A few weeks ago my boyfriend "reminded" me that we had tickets to the second of two sold out Tool shows in San Francisco. Not realizing he had never told me about the tickets to begin with, his "reminder" was actually an invitation. I was ecstatic! I'm the kind of girl that calls a night out to the Tool show a date night. Don't get me wrong - there are no songs brimming with lovers' adoration or catchy lyrics you might possibly hear later in a pistachio commercial, but it's Tool...live. It's transcendence. It's everything.
Tool. A band with 4 amazing studio albums, the most recent of which was released eight years ago, cannot be described in mere words. Just as their performances are complete audio and visual gifts to the senses which have to be experienced first-hand to be fully comprehended. The Tuesday night show had sold out almost instantly to the die hard army of Tool fans desperately in need of a live performance from drummer Danny Carey, bassist Justin Chancellor, guitarist Adam Jones and singer Maynard James Keenan. We were part of the Wednesday night die hard crew and I couldn't have been happier to be there.
We arrived just as rock band Failure was wrapping up their set. I was able to catch the last couple of songs by the band and what I heard was really good. I was disappointed we didn't arrive earlier. Soon the house lights came back up and we made our way over to our friend who had been saving our seats. I took one long glimpse down at the eager crowd below us and instantly knew:
the energy of that sea of people + the power of Tool = roof blown off the Bill Graham Civic
I think that's the "new math" all the parents are talking about.

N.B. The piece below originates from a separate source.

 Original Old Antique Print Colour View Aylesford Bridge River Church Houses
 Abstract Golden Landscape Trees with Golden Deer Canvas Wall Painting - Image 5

Tool didn't hesitate to immediately please us. They took to the stage and ripped right into "Hooker with a Penis" off of the 1996 album Ænima. The band sounded amazing - tight, well-rehearsed and loud. Maynard was hiding in the shadows - forcing us to concentrate not on the band members, but on the music and the art. The whole Tool show.
As the music continued, with songs from 10,000 Days and Lateralus, the visuals continually shifted in the background - often completely in synch with the music. From familiar images with Alex Grey artwork to lasers, confetti and fractals - it was a living, breathing visual spectactle.

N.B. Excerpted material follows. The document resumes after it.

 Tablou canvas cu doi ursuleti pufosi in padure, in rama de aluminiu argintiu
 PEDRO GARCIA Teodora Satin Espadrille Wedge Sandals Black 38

Like a true theatrical performance, the Tool show had a short intermission between the first and second act. When they returned, drummer Danny Carey played a drum solo cover of King Crimson's "B’Boom" which powerfully kicked off the second half of the show. After three more songs, they closed the show "Stinkfist" and left the entire crowd begging for more.
There had been talk about Tool possibly performing all new material during this tour, and since it didn't happen on the first night - I thought it might happen at the Wednesday night show. Admittedly, I was fearing a performance of entirely all new material, and was thrilled it went my way. Not that I don't want to hear new music from Tool. I'm ready for it, I think we all are. I was just not quite ready for it live. There wasn't a moment of this show I didn't enjoy.
Hooker With a Penis
Drum Solo: B’Boom
Forty-six and Two
A sweet mid-week date in San Francisco with two Tools. Who could ask for more?